DP: Can we look at some at some of the specific things raised by some members of your party during the debate. There’s some confusion I think in people’s minds about exactly what interdependency means . . .
GB: Well, could I ask, before we go to those specifics, and I’m very happy to answer those specifics, can I make a more general point.
GB: There are many many people in the coalition, in both the Liberal party and the National party, who have been urging this course for years. For years and years and years. And I think if I may say so with respect, it’s a little unfair of you to play speeches like that from Mr Perrett which we heard with the very eloquent sentiments he expressed, but not play speeches by people like Petro Georgiou, extracts from speeches by people like Christopher Pyne, or indeed the speech of Dr Nelson himself, which were just as glowing and moving in their affirmation of the rights of gay people to equal treatment . . . .
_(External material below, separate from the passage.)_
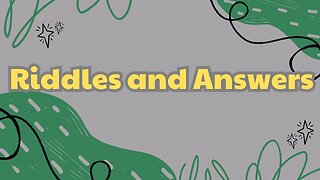 Mind-Blowing Riddles: Challenge Your Brain with Confusing Enigmas!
PD: Senator, with all due respect, I want to take you up on that point. We’re very well aware, as second class citizens, from a government of eleven years, how we sit with people like Petro Georgiou, who have constantly displayed an understanding of social justice. When you’ve got somebody like Donna Vale, who is a member of your team, questioning the very idea that what this is going to do is create equality, I have to ask, clearly there’s not full support from your team for the fact that this is going to bring us a little closer to equality.
GB: Well so it should, I mean, for God’s sake, I’ve spent years of my political life advancing this very cause, and many many many people in the coalition have done the same and it’s a matter of regret to me that it wasn’t done years ago, in fact well before the time of the Howard government, why it wasn’t done at an earlier time, decades ago, at the time the anti-discrimination laws were put on the statute book. But that’s not the point, the point is that you well know that both in the coalition and for that matter in the Labor Party here are very conservative people who have a different view from you and me.
PD: But why, as elected members of our parliament, why should those views be expressed and not those of their constituents?
GB: Well I think that the views they express, views that I don’t share, are views that are held by many of their constituents. And that’s my point. Any group seeking to be treated. . .to be the beneficiary of a law reform which is overdue, as this is, has nevertheless got to confront the fact that in a democracy there is going to be a body of conservative opinion, and those people are entitled to the expression of their views as well.
DP: Senator, with the greatest of respect I entirely agree with you there, and it’s certainly true that many members of your party, including yourself, have fought for these kind of things for a long time, but the point is that your party as a whole is not going down the direction where you and Petro Georgiou are going, your party is going down a different route. Your party is going down the route of trying to equate our relationships with interdependent relationships rather than accepting them as the equivalent of de facto relationships.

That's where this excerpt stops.